Activity ▸ Leaving out the pictures, please retype each record exactly.

Input records ▸
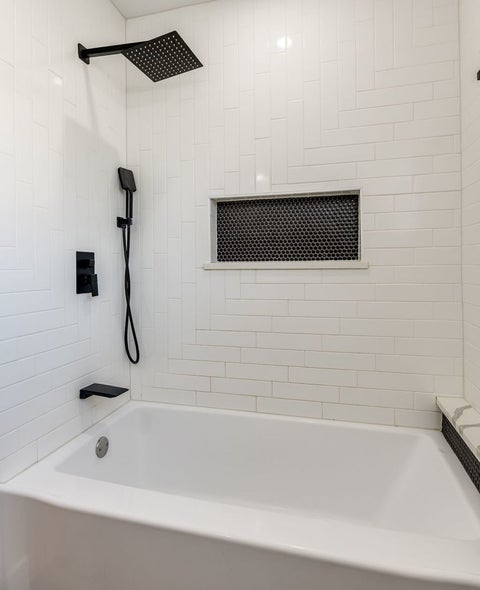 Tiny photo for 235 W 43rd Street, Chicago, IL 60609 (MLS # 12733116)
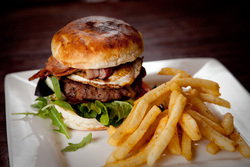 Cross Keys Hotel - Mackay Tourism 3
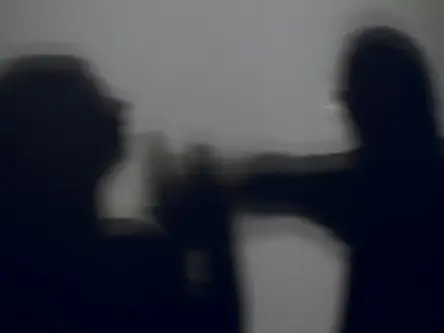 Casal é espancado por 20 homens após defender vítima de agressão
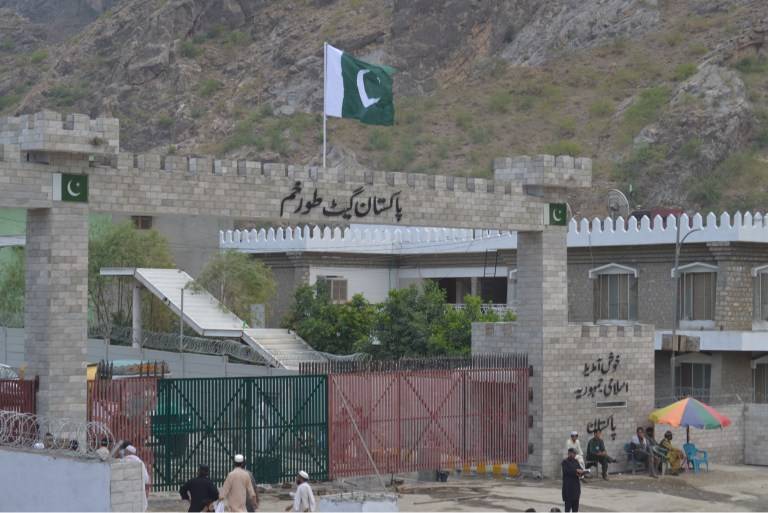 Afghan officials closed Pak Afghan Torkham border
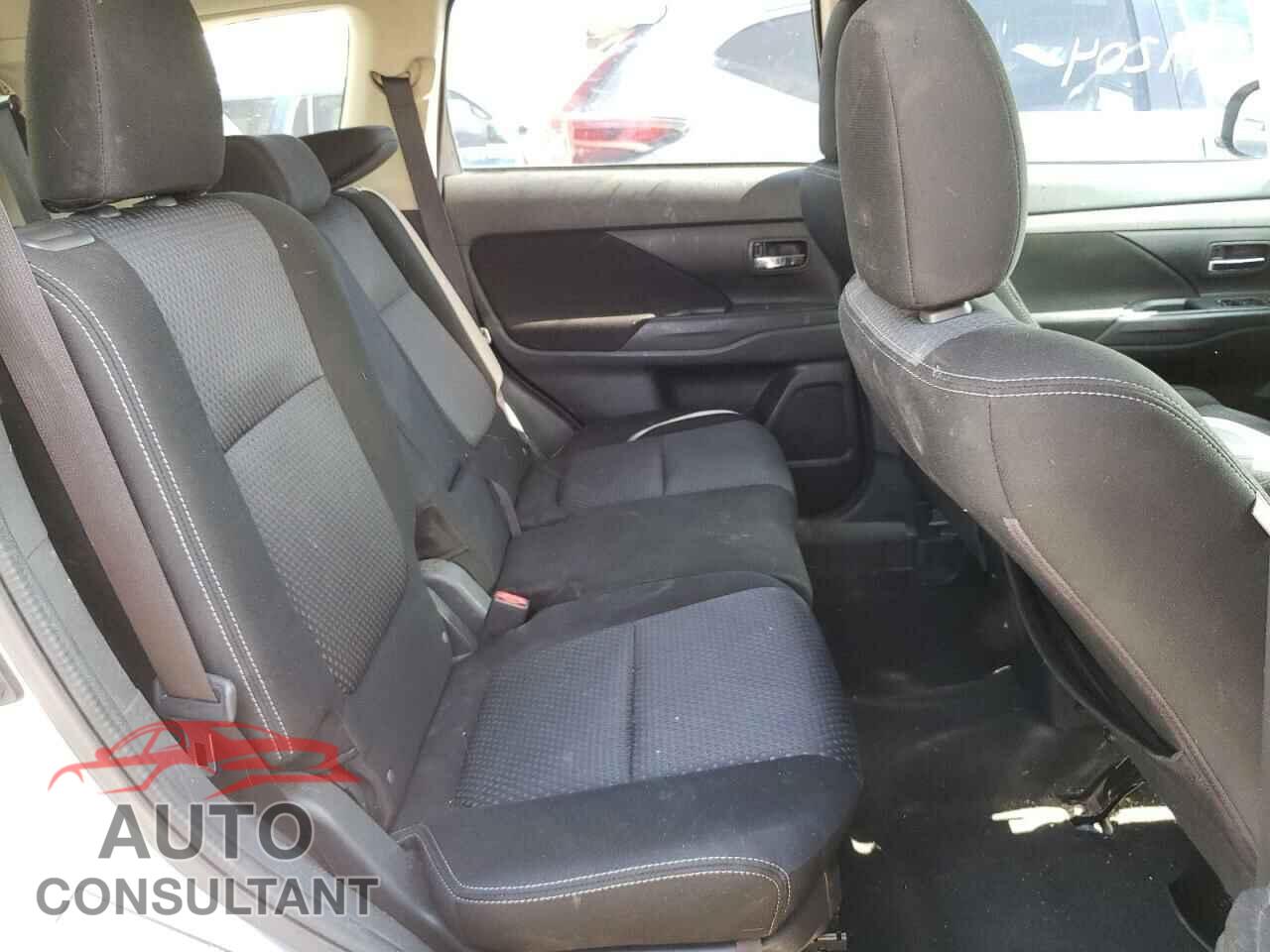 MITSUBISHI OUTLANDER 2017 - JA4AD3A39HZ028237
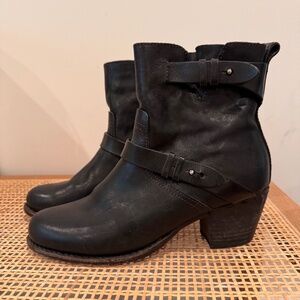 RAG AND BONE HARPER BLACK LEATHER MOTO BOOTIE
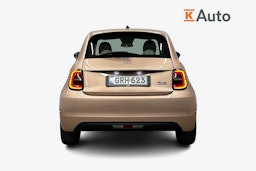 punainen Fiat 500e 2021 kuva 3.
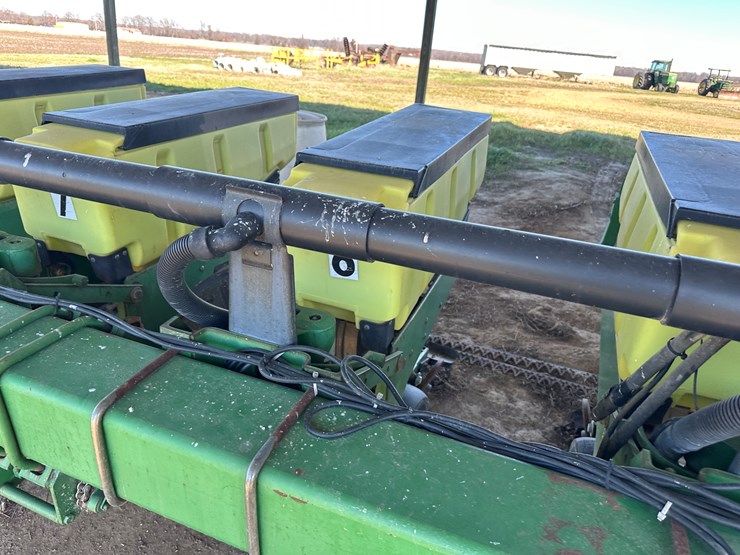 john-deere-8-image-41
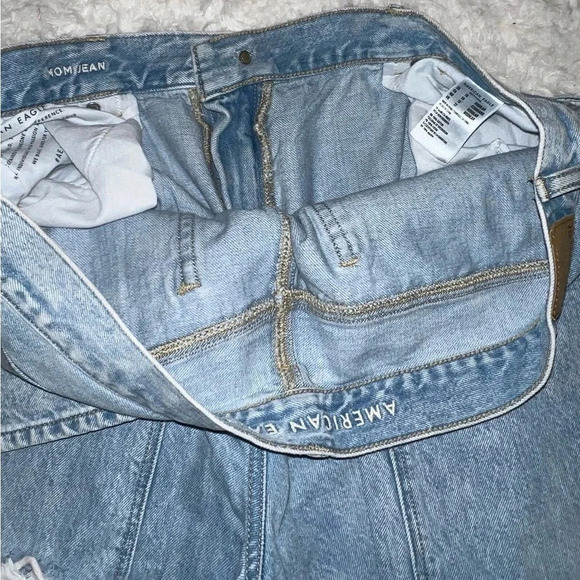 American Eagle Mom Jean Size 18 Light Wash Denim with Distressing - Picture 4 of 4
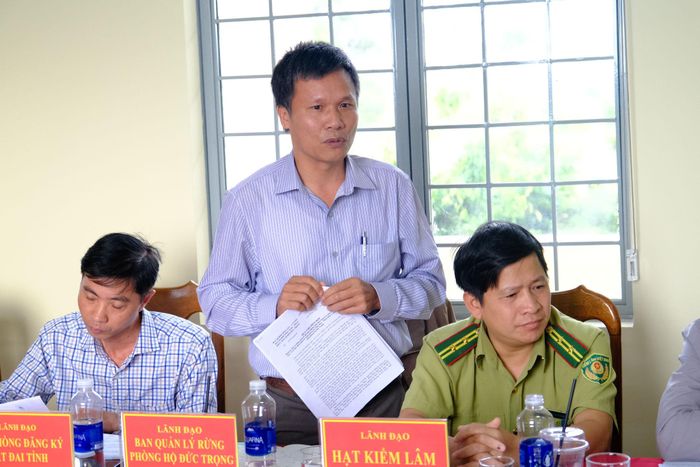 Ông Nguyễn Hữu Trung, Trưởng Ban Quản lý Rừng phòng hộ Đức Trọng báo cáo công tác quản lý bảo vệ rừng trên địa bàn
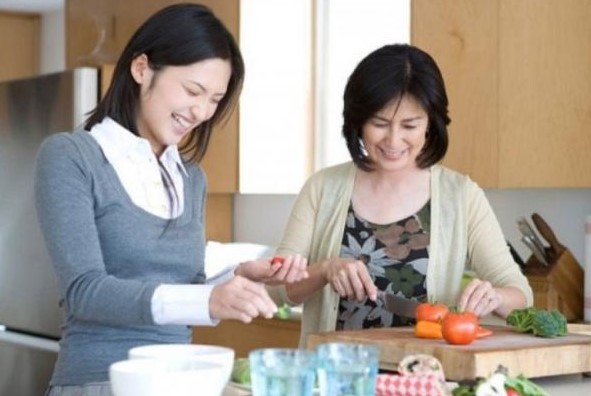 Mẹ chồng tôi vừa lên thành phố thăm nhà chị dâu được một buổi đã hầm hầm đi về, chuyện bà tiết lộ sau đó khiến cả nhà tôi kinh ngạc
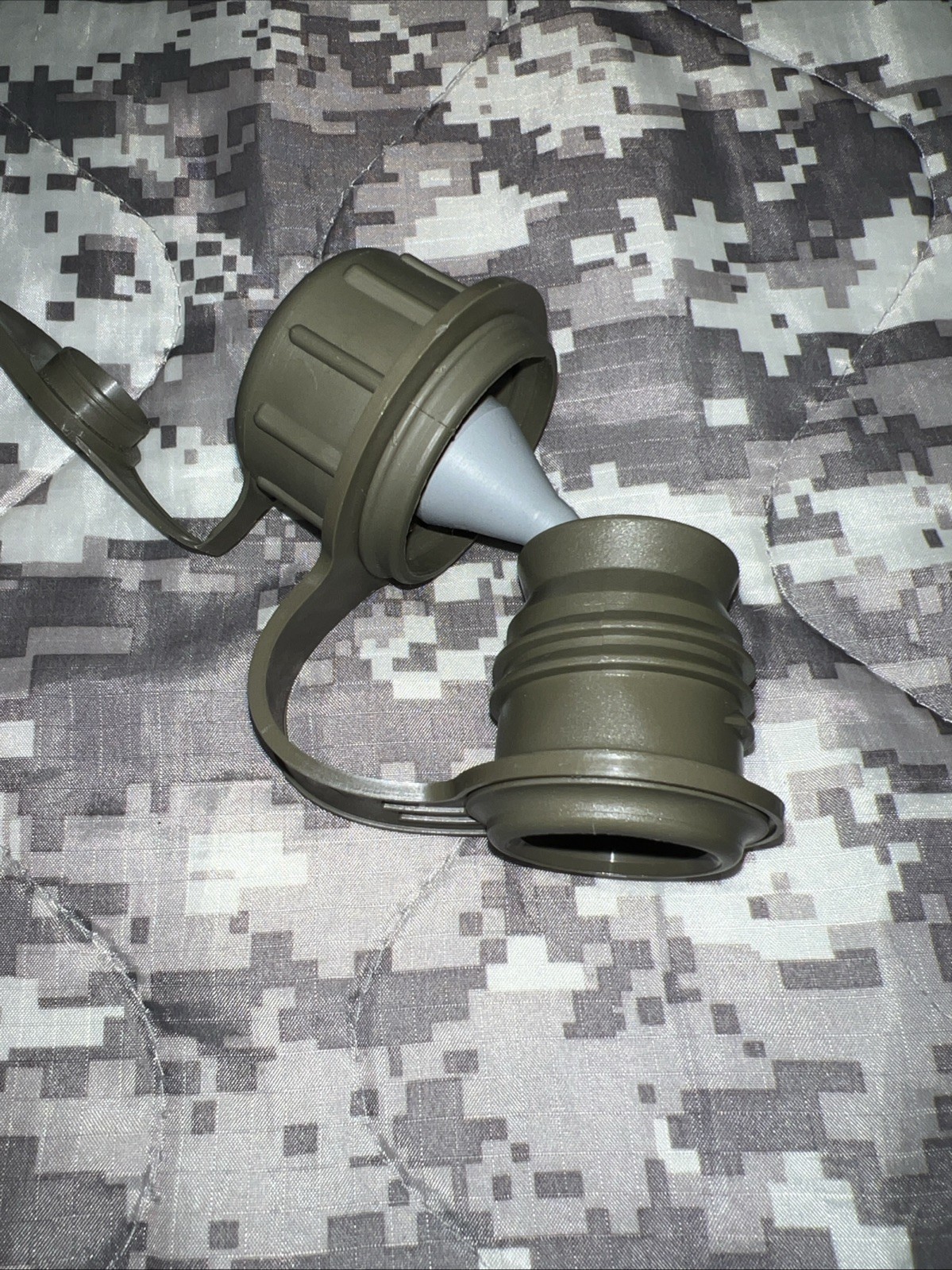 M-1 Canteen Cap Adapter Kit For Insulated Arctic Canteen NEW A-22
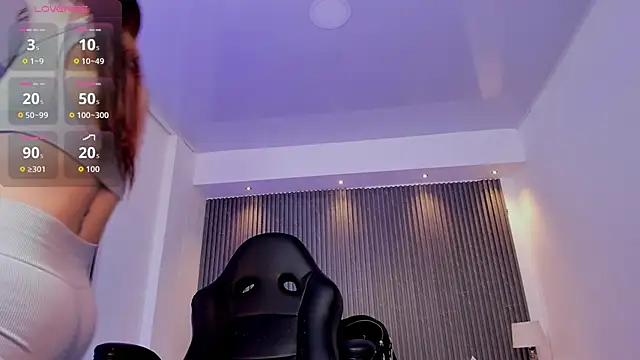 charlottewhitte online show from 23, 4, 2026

Worked solution ▸
 Tiny photo for 235 W 43rd Street, Chicago, IL 60609 (MLS # 12733116)
 Cross Keys Hotel - Mackay Tourism 3
 Casal é espancado por 20 homens após defender vítima de agressão
 Afghan officials closed Pak Afghan Torkham border
 MITSUBISHI OUTLANDER 2017 - JA4AD3A39HZ028237
 RAG AND BONE HARPER BLACK LEATHER MOTO BOOTIE
 punainen Fiat 500e 2021 kuva 3.
 john-deere-8-image-41
 American Eagle Mom Jean Size 18 Light Wash Denim with Distressing - Picture 4 of 4
 Ông Nguyễn Hữu Trung, Trưởng Ban Quản lý Rừng phòng hộ Đức Trọng báo cáo công tác quản lý bảo vệ rừng trên địa bàn
 Mẹ chồng tôi vừa lên thành phố thăm nhà chị dâu được một buổi đã hầm hầm đi về, chuyện bà tiết lộ sau đó khiến cả nhà tôi kinh ngạc
 M-1 Canteen Cap Adapter Kit For Insulated Arctic Canteen NEW A-22
 charlottewhitte online show from 23, 4, 2026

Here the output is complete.